La « chute » de Saïd Bouteflika en cinq actes

Saïd Bouteflika, frère et conseiller de l’ex-président, a été arrêté ainsi que les généraux Toufik et Tartag, samedi 4 mai, par la Direction générale de la sécurité intérieure (DGSI). Comment en est-on arrivé là ? Voici en cinq actes la succession des événements ayant mené à l’arrestation de celui qui était considéré comme la personnalité la plus influente du clan présidentiel.

Acte I – Bouteflika déclare sa candidature pour un 5e mandat

Le 10 février, contre toute attente, le président Bouteflika déclare par une lettre adressée à la Nation son intention de présenter sa candidature et briguer un cinquième mandat. Affaibli par une attaque cérébrale depuis 2013, absent de la scène publique pendant six ans, la candidature du président Bouteflika est vécue avec écœurement par la population, qui vit cet épisode comme un affront.

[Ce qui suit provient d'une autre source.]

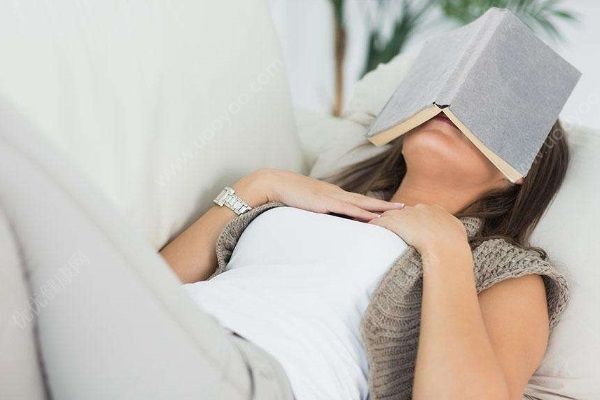 女子40萬隆胸成植物人，“專家”自稱打同款玻尿酸(3)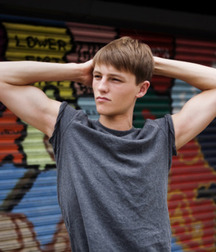 Blond Teens Strong and Beautiful 56c1c140854bb.jpg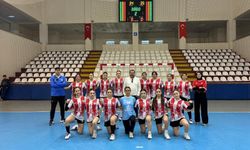 Maraşgücüspor hem ligde hem altyapıda önemli başarı elde etti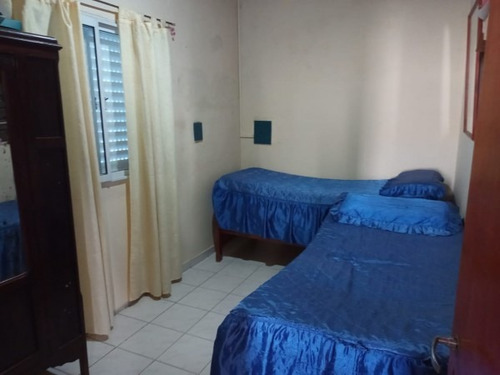 Imagen 12 de 16 de Casa Mas Depto Servicio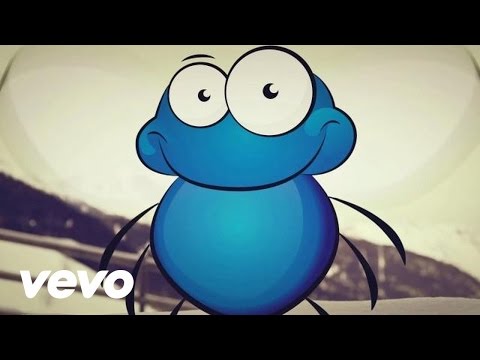 Youtube: De Randfichten - Du kleine Fliege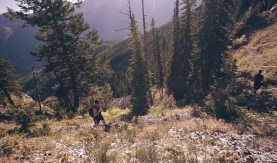 Make Dynamic Montages with This Easy Video Editing Technique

Des appels à manifester sont lancés de manière anonyme sur les réseaux sociaux, la colère monte. Des manifestations commencent, notamment le 16 février à Kherrata, mais aussi à Jijel et Bordj Bou Arreridj.

Acte II – Début des grandes manifestations populaires

Le 22 février, des centaines de milliers d’Algériens sortent manifester dans les rues partout dans le territoire national. Mais surtout des dizaines de milliers de personnes sortent manifester dans le centre-ville de la capitale, fait inédit à Alger où les rassemblements sont interdits par les autorités depuis 2001.

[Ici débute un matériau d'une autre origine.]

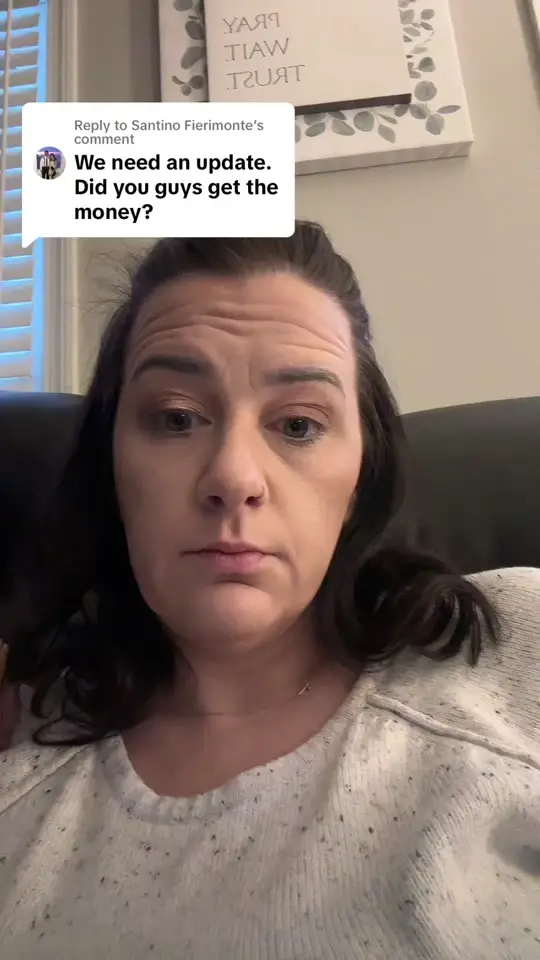 Tiktok post preview 2 from @the_queen_of_jacks_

Les forces de sécurité sont submergées par le nombre de manifestants. Ne pouvant les disperser sans répression, la police laisse les manifestations se dérouler en établissant pour les Algériens un périmètre où manifester, excluant les zones symboliques et stratégiques, comme la présidence de la République.

Les manifestations du 22 février représentent un électrochoc dans l’inconscient collectif. Le mur de la peur de la répression tombe. Les vendredis qui suivent deviendront tous journées de manifestations pacifiques, avec parfois des millions d’Algériens dans les rues.

Acte III – Report de la présidentielle

Le 11 mars, au lendemain de son retour de Suisse où il a séjourné pendant deux semaines à l’hôpital, le président Bouteflika annonce l’annulation des élections prévues le 18 avril et leur report à une date ultérieure non fixée. Il annonce également qu’il ne sera pas candidat pour un cinquième mandat, et qu’une conférence nationale de consensus sera organisée en vue d’établir une nouvelle Constitution et mettre les bases d’une « deuxième République ». Le peuple refuse, les manifestations se poursuivent.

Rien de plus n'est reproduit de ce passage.